## WHAT THIS TASK INVOLVES
The line containing "UNDER CONTRACT: RENOVATED" and every line after it to the end of the records: set those down exactly, without any pictures.

## DATA
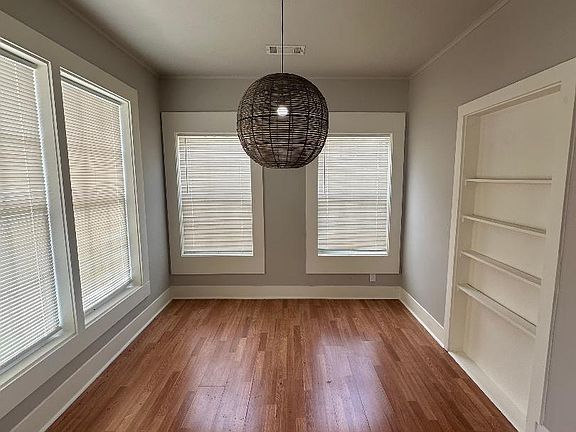 4th image of 3275 Brandon St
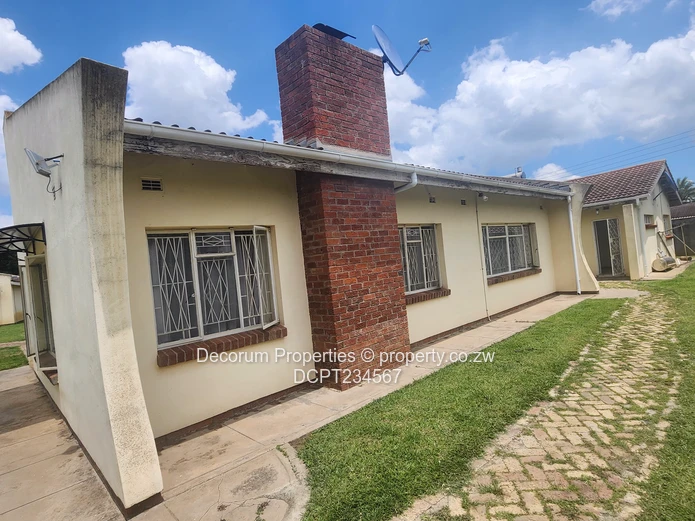 4-Bed Emerald Hill Home on 2030m² with Borehole & Driveway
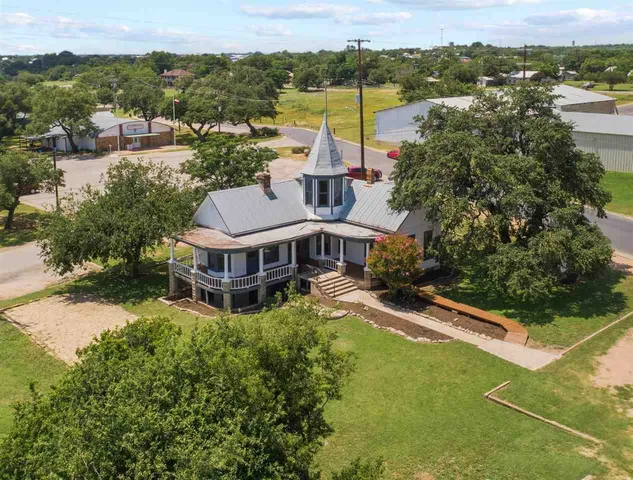 $465,000 | 106 Legion Drive, Llano, TX 78643
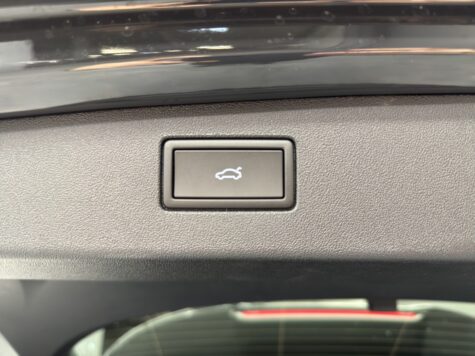 VW – Tiguan 2.0 TDI SCR R-Line United DSG 4motion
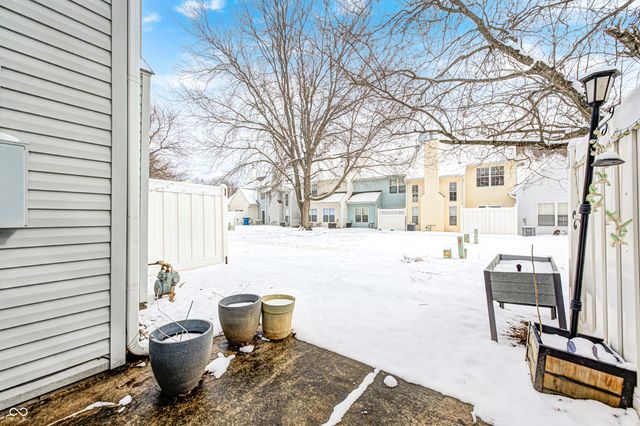 12673 Ladson Street, Fishers, IN 46038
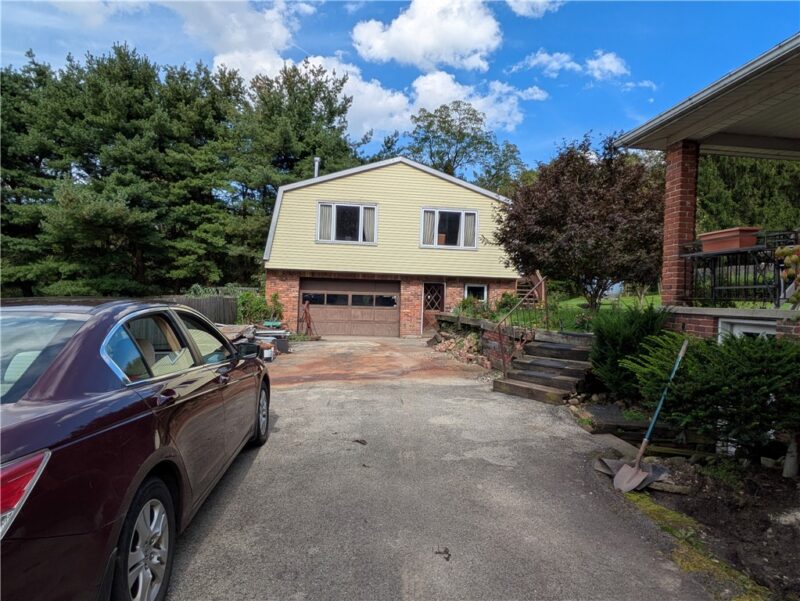 62 Cloverdale — photo 3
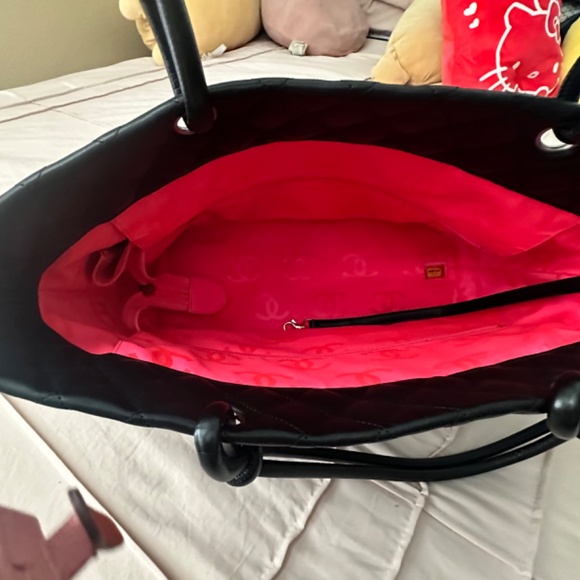 Authentic Chanel tote - Picture 4 of 6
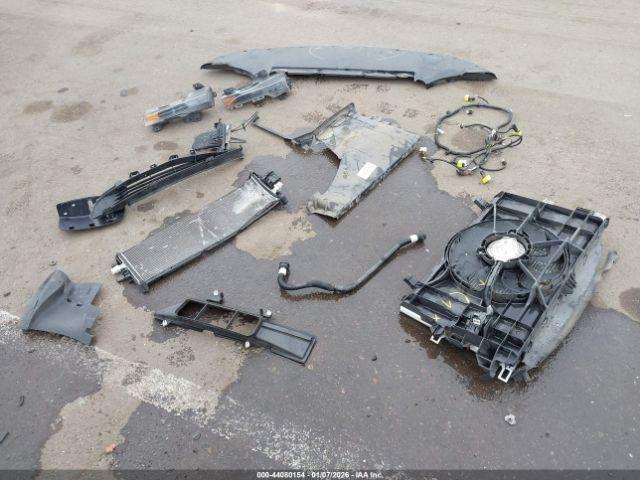 Tesla Model 3 Image 4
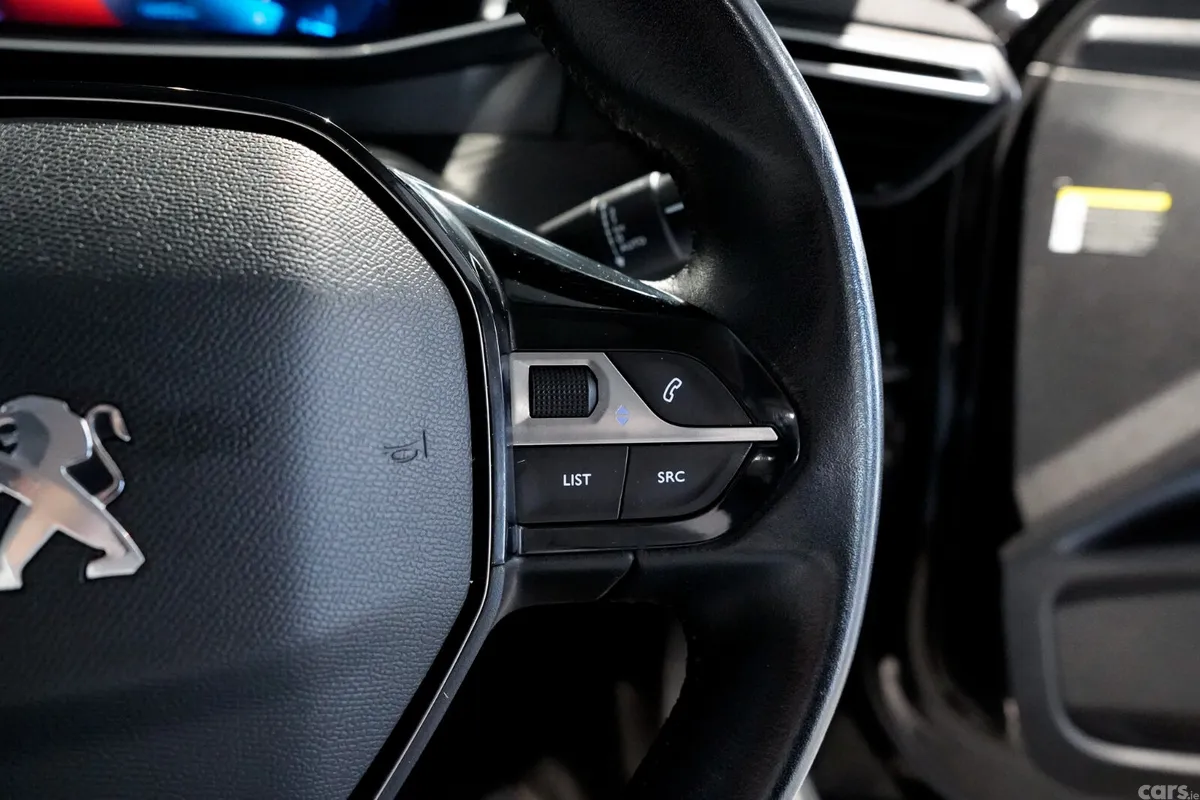 Peugeot 2008 MPV, Diesel, 2021, Black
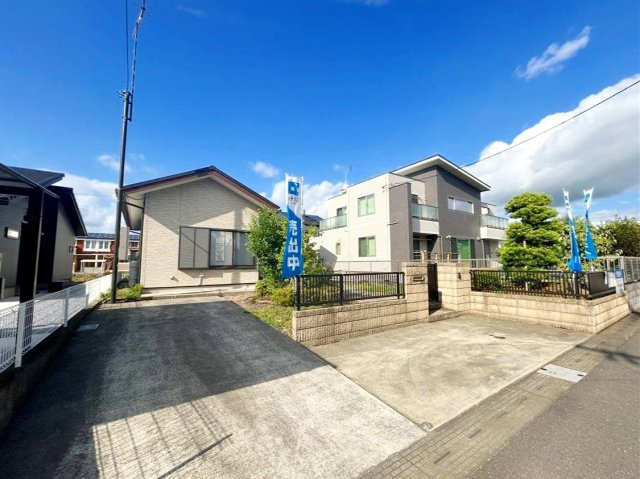 下野市仁良川　中古戸建の外観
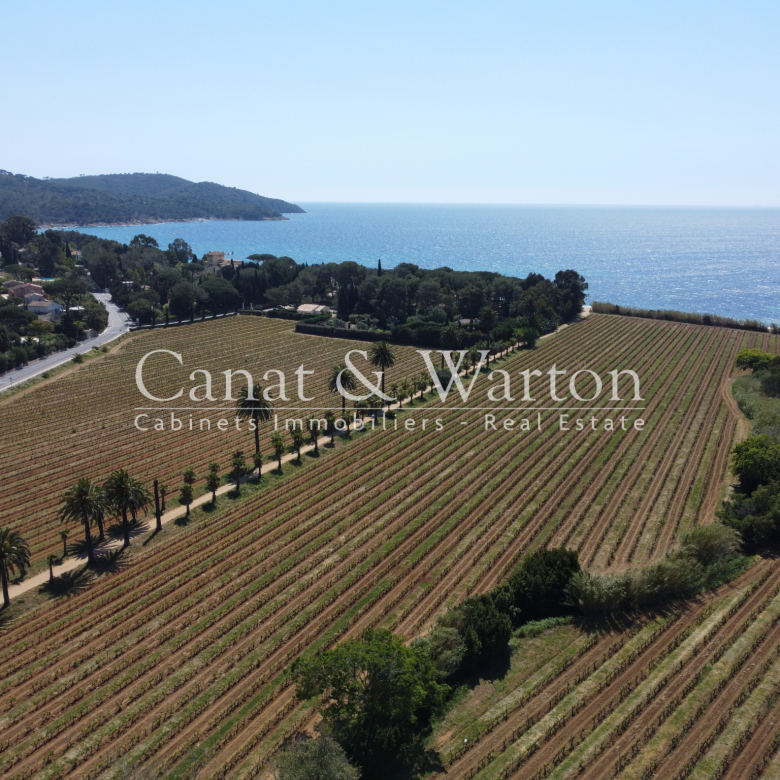 UNDER CONTRACT: RENOVATED VILLA IN CAVALAIRE WITH SEA VIEW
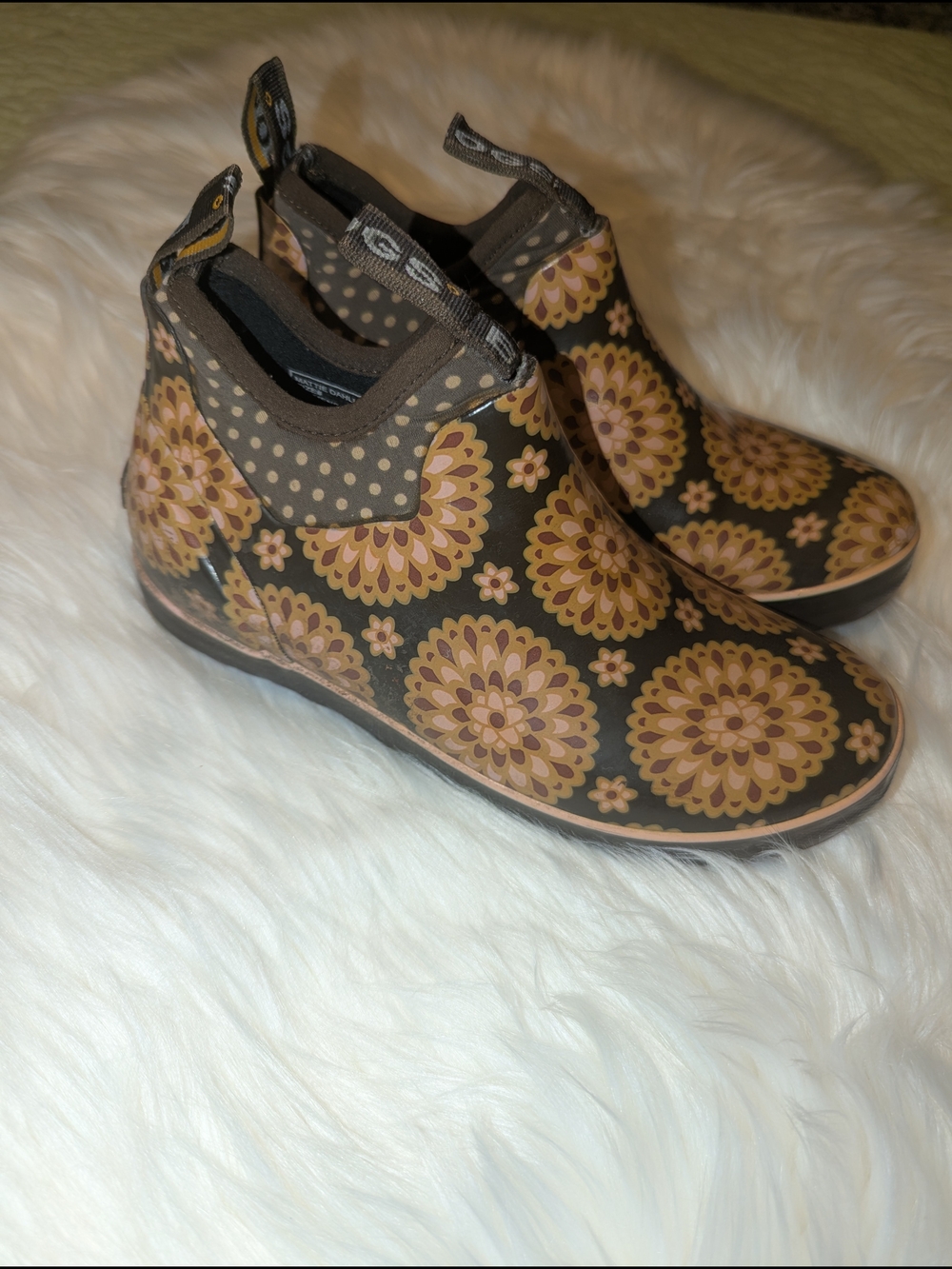 Bogs Women's Olive and Tan Floral Ankle Rain Booties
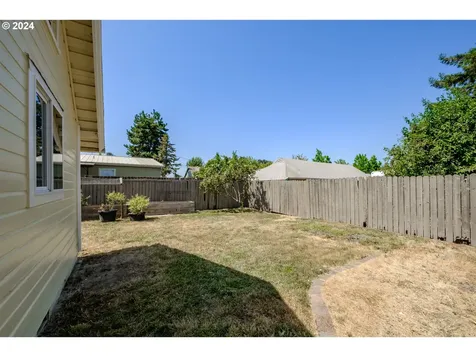 145 Kesling Street Harrisburg OR 97446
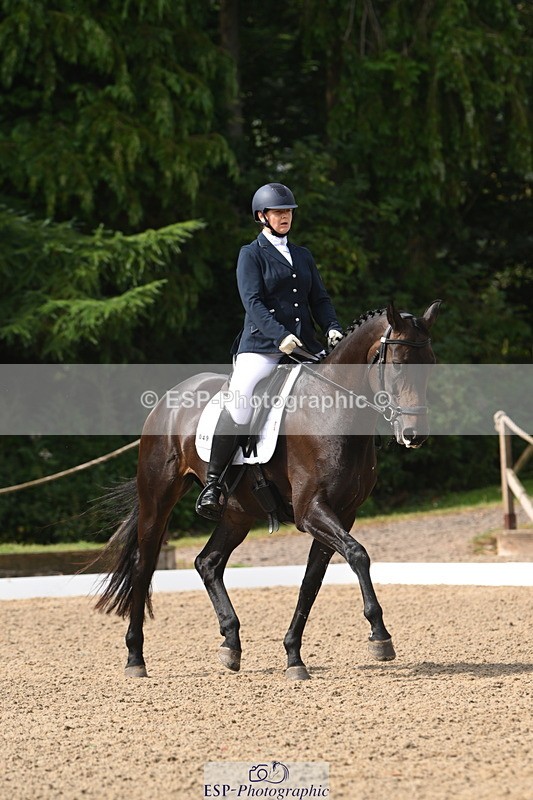 250719A-101410-03304 - 049-Veronica.Roberts-For.J'Adore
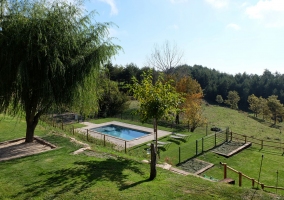 Amplia vista de la piscina en la finca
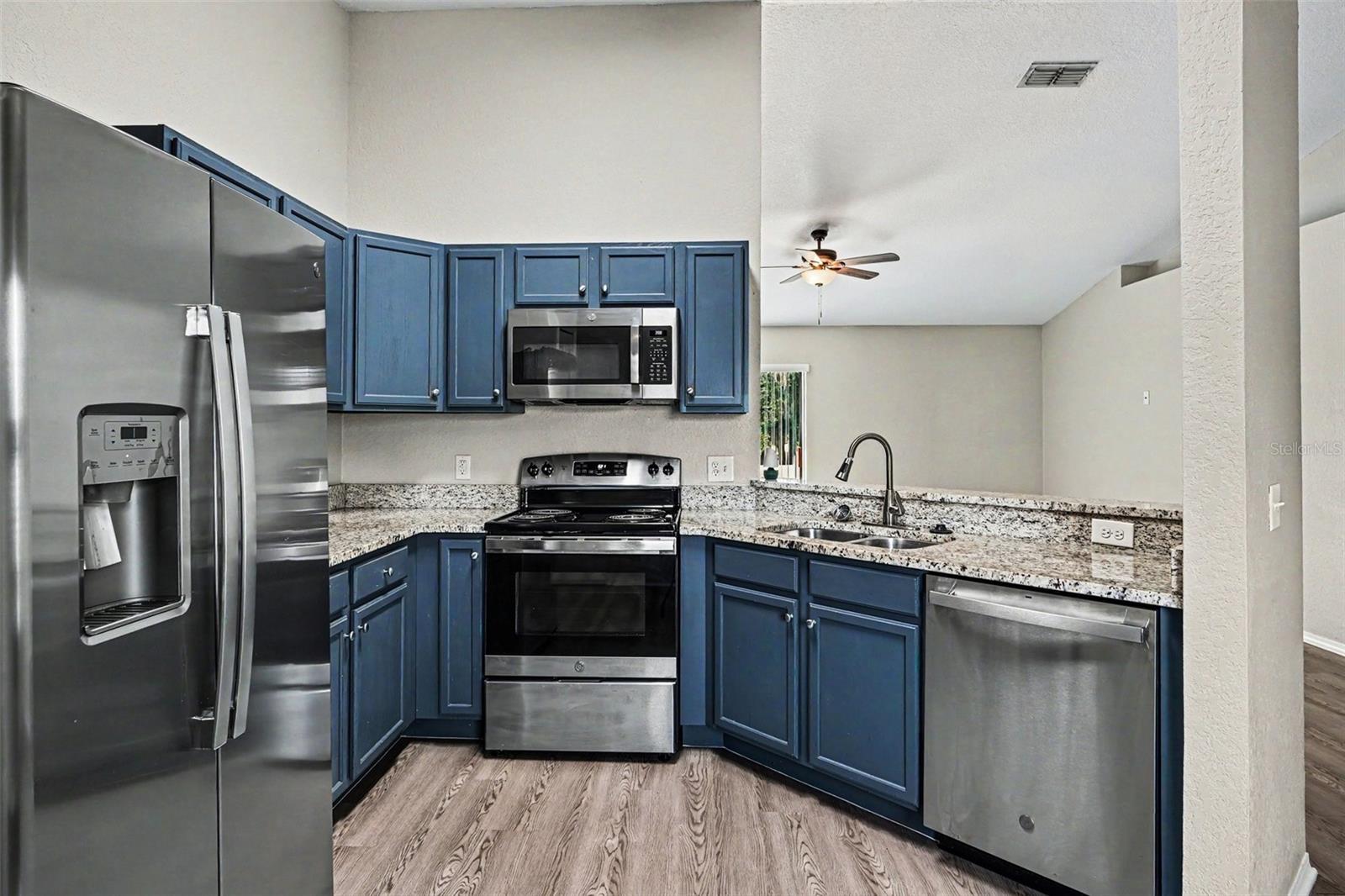 8187 Woodvine Cir Property Photo 5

## EXERCISE ANSWER
 UNDER CONTRACT: RENOVATED VILLA IN CAVALAIRE WITH SEA VIEW
 Bogs Women's Olive and Tan Floral Ankle Rain Booties
 145 Kesling Street Harrisburg OR 97446
 250719A-101410-03304 - 049-Veronica.Roberts-For.J'Adore
 Amplia vista de la piscina en la finca
 8187 Woodvine Cir Property Photo 5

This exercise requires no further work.